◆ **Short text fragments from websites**
┌────────
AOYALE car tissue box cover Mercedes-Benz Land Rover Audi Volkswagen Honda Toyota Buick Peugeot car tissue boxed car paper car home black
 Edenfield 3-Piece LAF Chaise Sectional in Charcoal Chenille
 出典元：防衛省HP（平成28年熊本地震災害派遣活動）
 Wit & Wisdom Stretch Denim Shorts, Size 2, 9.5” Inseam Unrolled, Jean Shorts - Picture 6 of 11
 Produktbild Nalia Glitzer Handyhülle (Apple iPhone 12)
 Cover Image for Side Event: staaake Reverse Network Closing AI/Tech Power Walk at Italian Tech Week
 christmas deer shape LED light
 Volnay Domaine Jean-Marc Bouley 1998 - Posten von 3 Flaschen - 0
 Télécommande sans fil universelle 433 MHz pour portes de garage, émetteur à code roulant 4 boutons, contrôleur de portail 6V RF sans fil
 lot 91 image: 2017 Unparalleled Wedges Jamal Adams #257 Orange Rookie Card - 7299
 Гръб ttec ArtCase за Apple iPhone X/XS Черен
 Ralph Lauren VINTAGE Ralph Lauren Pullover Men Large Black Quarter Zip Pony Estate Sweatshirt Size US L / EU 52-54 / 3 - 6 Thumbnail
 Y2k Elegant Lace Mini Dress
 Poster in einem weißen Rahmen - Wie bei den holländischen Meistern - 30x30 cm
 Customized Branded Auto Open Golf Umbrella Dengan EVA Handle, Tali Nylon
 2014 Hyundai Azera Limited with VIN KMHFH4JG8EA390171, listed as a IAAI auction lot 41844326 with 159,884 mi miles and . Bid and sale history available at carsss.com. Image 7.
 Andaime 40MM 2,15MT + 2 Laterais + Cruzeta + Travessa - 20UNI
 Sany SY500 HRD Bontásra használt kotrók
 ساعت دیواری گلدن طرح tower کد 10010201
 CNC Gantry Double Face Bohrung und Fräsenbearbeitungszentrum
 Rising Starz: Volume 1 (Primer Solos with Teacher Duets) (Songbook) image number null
└────────
◆ **Task to carry out**
Copy each entry exactly, leaving every line as it is.

◆ **Written solution**
AOYALE car tissue box cover Mercedes-Benz Land Rover Audi Volkswagen Honda Toyota Buick Peugeot car tissue boxed car paper car home black
 Edenfield 3-Piece LAF Chaise Sectional in Charcoal Chenille
 出典元：防衛省HP（平成28年熊本地震災害派遣活動）
 Wit & Wisdom Stretch Denim Shorts, Size 2, 9.5” Inseam Unrolled, Jean Shorts - Picture 6 of 11
 Produktbild Nalia Glitzer Handyhülle (Apple iPhone 12)
 Cover Image for Side Event: staaake Reverse Network Closing AI/Tech Power Walk at Italian Tech Week
 christmas deer shape LED light
 Volnay Domaine Jean-Marc Bouley 1998 - Posten von 3 Flaschen - 0
 Télécommande sans fil universelle 433 MHz pour portes de garage, émetteur à code roulant 4 boutons, contrôleur de portail 6V RF sans fil
 lot 91 image: 2017 Unparalleled Wedges Jamal Adams #257 Orange Rookie Card - 7299
 Гръб ttec ArtCase за Apple iPhone X/XS Черен
 Ralph Lauren VINTAGE Ralph Lauren Pullover Men Large Black Quarter Zip Pony Estate Sweatshirt Size US L / EU 52-54 / 3 - 6 Thumbnail
 Y2k Elegant Lace Mini Dress
 Poster in einem weißen Rahmen - Wie bei den holländischen Meistern - 30x30 cm
 Customized Branded Auto Open Golf Umbrella Dengan EVA Handle, Tali Nylon
 2014 Hyundai Azera Limited with VIN KMHFH4JG8EA390171, listed as a IAAI auction lot 41844326 with 159,884 mi miles and . Bid and sale history available at carsss.com. Image 7.
 Andaime 40MM 2,15MT + 2 Laterais + Cruzeta + Travessa - 20UNI
 Sany SY500 HRD Bontásra használt kotrók
 ساعت دیواری گلدن طرح tower کد 10010201
 CNC Gantry Double Face Bohrung und Fräsenbearbeitungszentrum
 Rising Starz: Volume 1 (Primer Solos with Teacher Duets) (Songbook) image number null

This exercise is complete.